Nevertheless, there are several limitations to this study. The measure of effectiveness used in this study was generic, i.e., cost per TB case detected. Most of the cost-effectiveness studies among TB high-risk groups expressed the effectiveness measure using Quality Adjusted Life Years (QALY), Disability Adjusted Life Years (DALY) averted or death averted, but there are some which expressed the measure of effectiveness in term of TB cases detected (2). The use of cost per TB case detected as the measure of cost-effectiveness has a major limitation especially when applying the WTP threshold. Since there is no documented WTP threshold measured for TB cases detected, the WTP threshold used as a comparator may not reflect the real health opportunity cost. The conclusion also would likely change when using a more standardized outcome measure such as QALYs or DALYs. Since QALYs and DALYs value would probably be different between age groups, it would therefore change the outcome of this study especially for the elderly and those residing in the elderly nursing home (37). Besides, the lack of standardization for outcome measurement makes it difficult to compare the findings with other studies. The benefit of the current study might be overestimated or underestimated due to the use of these outcome measures. For example, the overestimation of benefit in screening among the elderly vs. younger age group due to the effect of time horizon analysis, as well as the screening for cases in confined space vs. non-confined space.

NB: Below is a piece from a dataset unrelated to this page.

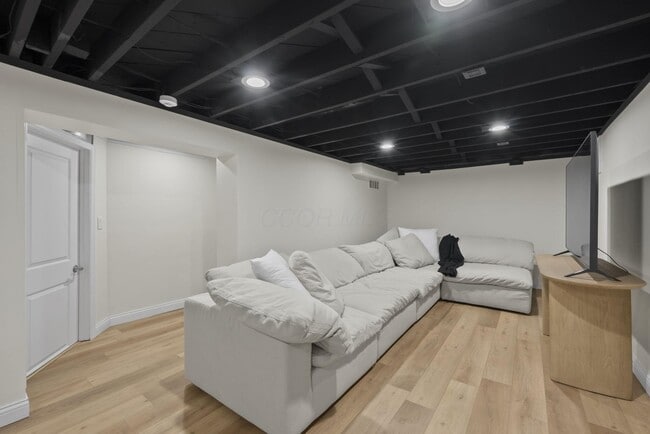 Building Photo - 111 Rosslyn Ave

This study also did not take into account the potential TB cases averted among the high-risk group. For example, individuals living in institutions such as prisons or CCRC might contribute higher transmission compared to the PL HIV, elderly and others. Data used in this study also confined to Sabah and Sarawak states. Thus, probabilities for certain high-risk groups might not represent the exact probabilities for the country. This was particularly noticeable especially on probabilities for Elderly Nursing home residents, clients of Methadone Clinic, and Rheumatoid Arthritis patients. By using secondary data, the current study also limits further detailed analysis.

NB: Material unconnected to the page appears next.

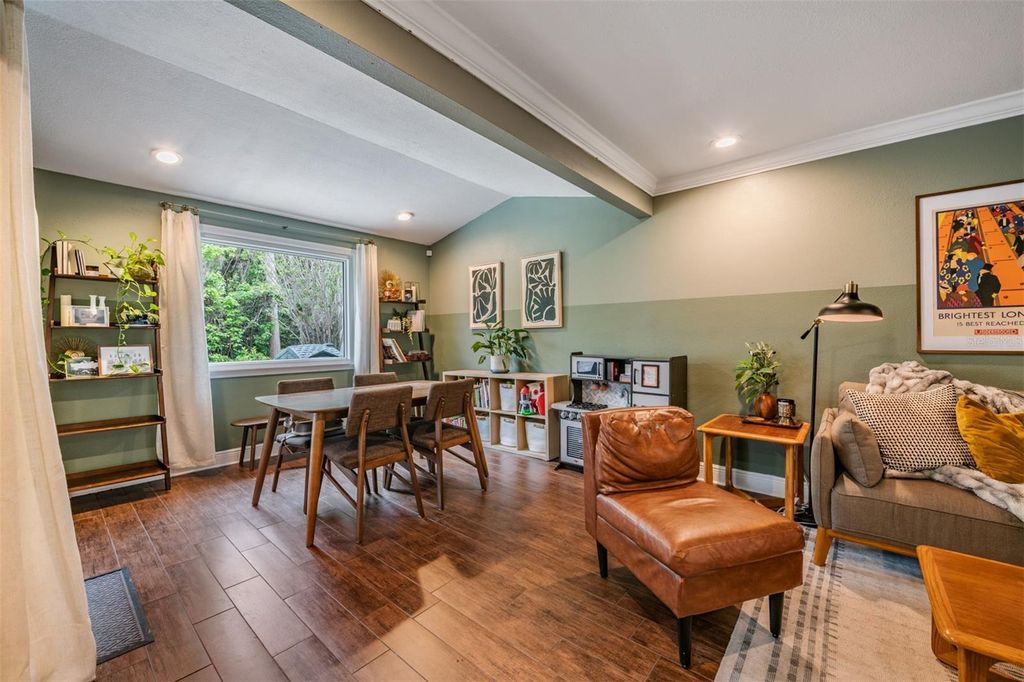 Image 17 of property listing at 5326 RIDGEWELL COURT, Tampa, FL 33624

In conclusion, this study recommends prioritization on several high-risk groups in TB screening program based on the most cost-effective strategies, such as among PL HIV, elderly and prisoners. TB screening among other high-risk groups should be implemented based on the available resources. Therefore, to exercise a strategic plan for TB screening, the policy makers must also take into account the effect of these factors and how they will benefit in long run. It is suggested that detailed analysis be conducted in future studies, for example by looking at the cost-effectiveness of TB screening between different sub-groups of DM. Future research should also focus on screening for latent TB in Malaysia. Despite that, the current study suggests that re-strategizing TB screening program among high-risk groups should be the way forward. With the scarce resources and new modalities coming in for TB diagnosis, there is a need for prioritizing the TB screening program. Hence, the limited resources can be used for the most cost-effective measures and to tackle other issues, while moving forward into eliminating TB.

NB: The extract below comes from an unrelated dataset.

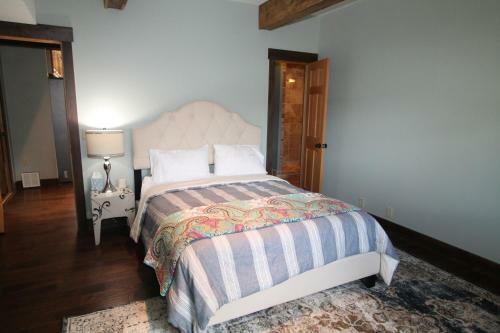 Whetstone Wonder Amazing Views Large Deck Hot Tub Pet Friendly Shuttle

Data Availability Statement

The original contributions presented in the study are included in the article/supplementary material, further inquiries can be directed to the corresponding author/s.

Ethics Statement

The study was conducted according to the guidelines of the Declaration of Helsinki, and did not include any identifiable human data. The study had obtained approval from the Institutional Review Board (or Ethics Committee) of Ministry of Health Malaysia (NMRR-19-3443-51729).

Author Contributions

NM: conceptualization, software, formal analysis, resources, writing—original draft preparation, visualization, project administration, and funding acquisition. NM, AR, and MS: methodology and investigation. MM, JH, NZ, MB, and FA: validation and writing—review and editing. NM, MS, and MM: data curation. All authors have read and agreed to the published version of the manuscript.

Conflict of Interest

The authors declare that the research was conducted in the absence of any commercial or financial relationships that could be construed as a potential conflict of interest.